As you may know from some other posts, my husband, Judd, is a landscape architect. Recently, he expressed interest in having a few bulletin boards to put in his studio. And, since I love a project, I volunteered to make them for him. I wanted to use something with a natural feel given his profession. I thought burlap would give just the right amount of texture and earthiness.
The bulletin board project was really easy. However, make sure to iron your fabric before you get started. I forgot and had already stapled a good bit before I thought about it.
Other than an iron, here are a few things you will need to get started.
- cork board (I used an old one Judd’s mom sent with him to college)
- fabric (in this case, burlap)
- staple gun
- tape measure
To measure your fabric, lay it out so that it covers a few inches past each side of the board. Make sure you will have enough fabric to pull around to the back side and staple. Then cut where needed. If you want to be really exact or particular use your measuring tape to make sure you have the same amount on each side.
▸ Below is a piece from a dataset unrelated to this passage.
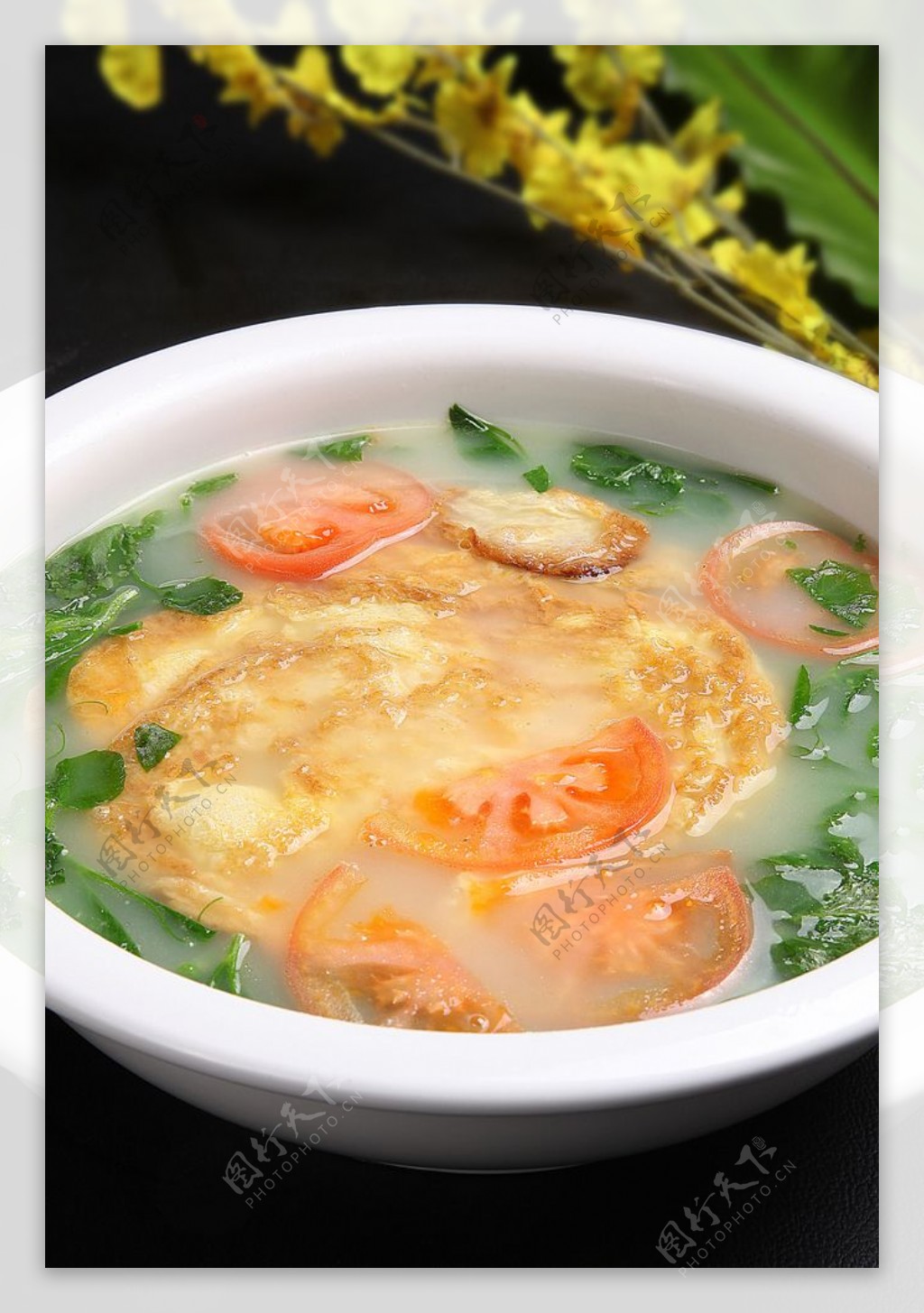 豫菜豌豆尖煎蛋汤图片
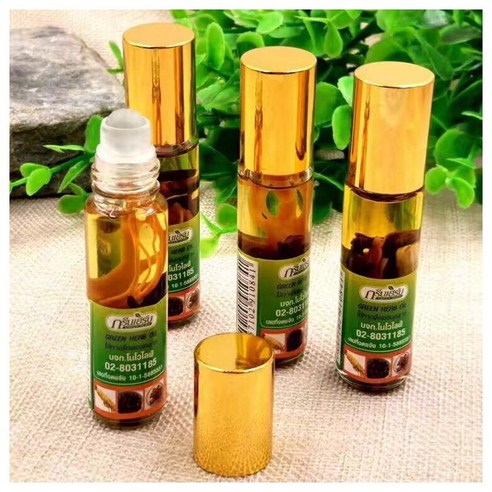 (당일발송) 태국 노보라이프 정식 야몽오일 그린허브오일 green herb oil 야몽스틱 인삼뿌리 아로마오일 당일배송 3개, 8g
In an attempt to “keep it real” here at TLP I’ve included the picture below. Things are not always as pretty as they appear in blogland. As you can see here, I work best when sitting on the floor, between our dog and my husband, in our living room. We were watching a movie in our less than spotless house. My apologies for the shadow in the pictures. Cole’s dog fanny was casting a shadow on my project. You would think that the sound of a staple gun in use would be enough to wake him. Nope.
The next step is to staple the fabric to the back side of the wood frame starting in the middle of each side. Make sure to pull the fabric taut. Save the corners for last.
Fold each corner to ensure that it is sharp and flat. Play with the fabric until you get each corner just the way you want it. You can think of wrapping a present when folding the corners. It is kind of the same concept.
Flip the board over to make sure it is smooth.
Now you have a few options on how to dress up the board a bit. You can keep it plain, just the way it is, if you like a more simplistic look.
Or you can use the same piece of trim to add a stripe down your board. Although I thought the bow was cute, I’m pretty sure that was not the look Judd was after. :) Below is what I decided on for his pin up board. There were four flat push pins left in the board from when Judd had it in college. I decided to re-use them as nail heads running down the strip of fabric. I stapled each end of fabric on the back of the board and evenly distributed the “nail heads” on the front.
He can use this little detail to wedge in photographs, notes, etc without having to poke a hole in them. I hope he likes his board. What do you think?